**EXERCISE REQUIREMENTS:**
In the listing below, a line holding "SantaRide™ Božićni komplet" and a line holding "Dây đồng hồ" mark the range. Retype both exactly, with all lines between them.

**MATERIAL FOR THE TASK:**
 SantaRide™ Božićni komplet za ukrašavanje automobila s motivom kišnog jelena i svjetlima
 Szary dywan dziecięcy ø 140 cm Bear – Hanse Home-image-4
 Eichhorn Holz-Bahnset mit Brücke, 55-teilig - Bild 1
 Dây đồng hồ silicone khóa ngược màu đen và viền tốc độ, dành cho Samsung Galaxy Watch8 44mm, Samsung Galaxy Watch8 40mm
...
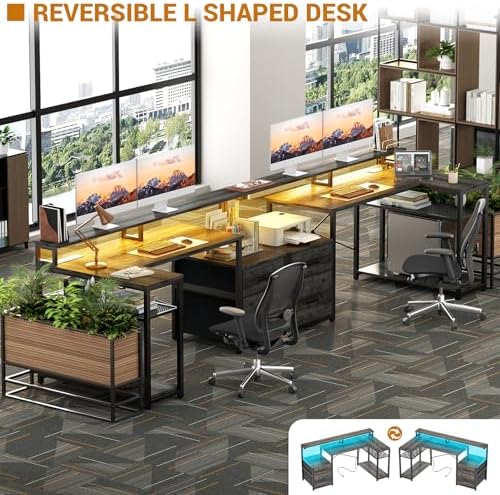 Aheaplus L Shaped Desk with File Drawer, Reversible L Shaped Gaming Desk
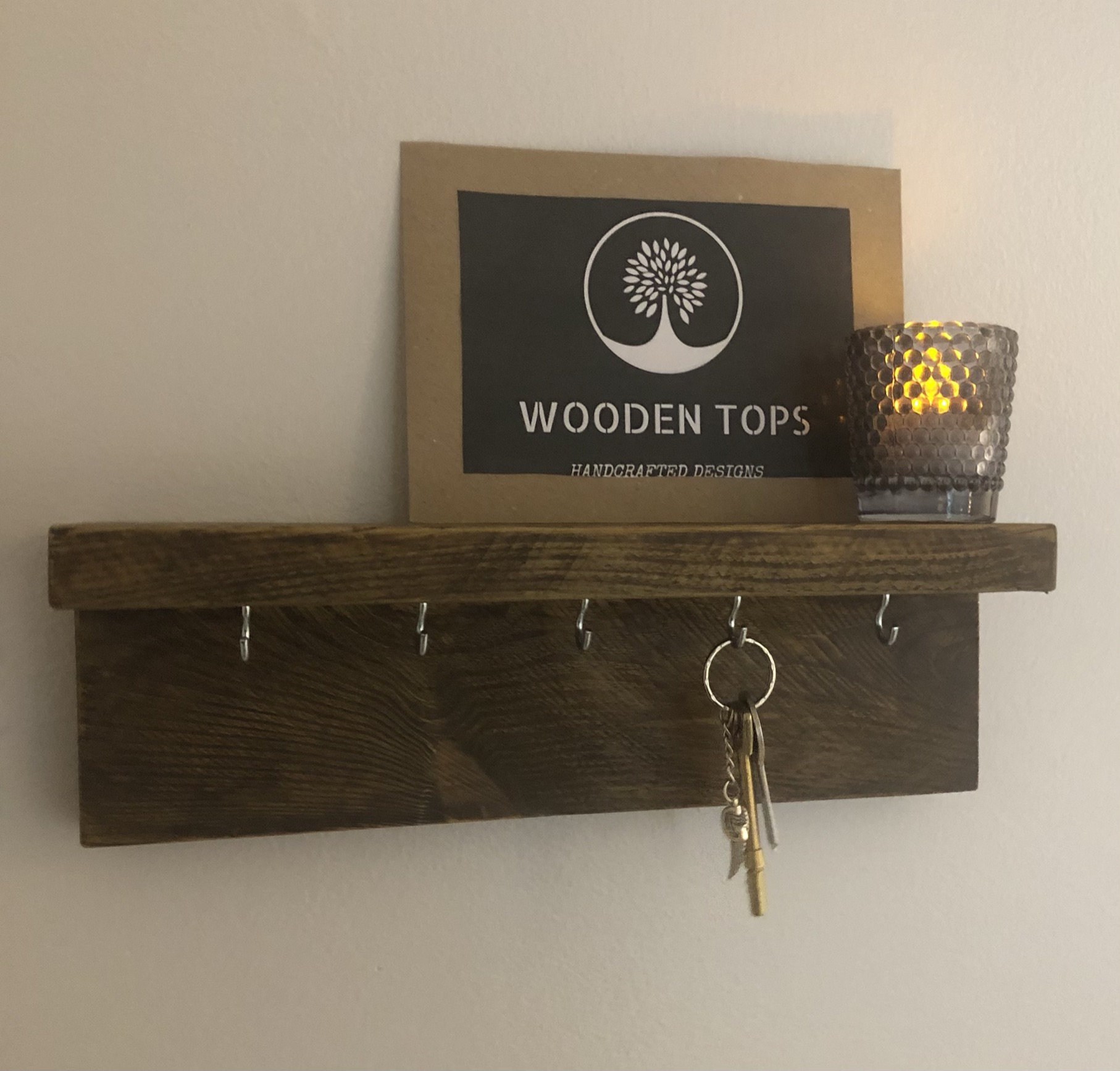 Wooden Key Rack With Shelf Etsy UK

**WRITTEN ANSWER:**
 SantaRide™ Božićni komplet za ukrašavanje automobila s motivom kišnog jelena i svjetlima
 Szary dywan dziecięcy ø 140 cm Bear – Hanse Home-image-4
 Eichhorn Holz-Bahnset mit Brücke, 55-teilig - Bild 1
 Dây đồng hồ silicone khóa ngược màu đen và viền tốc độ, dành cho Samsung Galaxy Watch8 44mm, Samsung Galaxy Watch8 40mm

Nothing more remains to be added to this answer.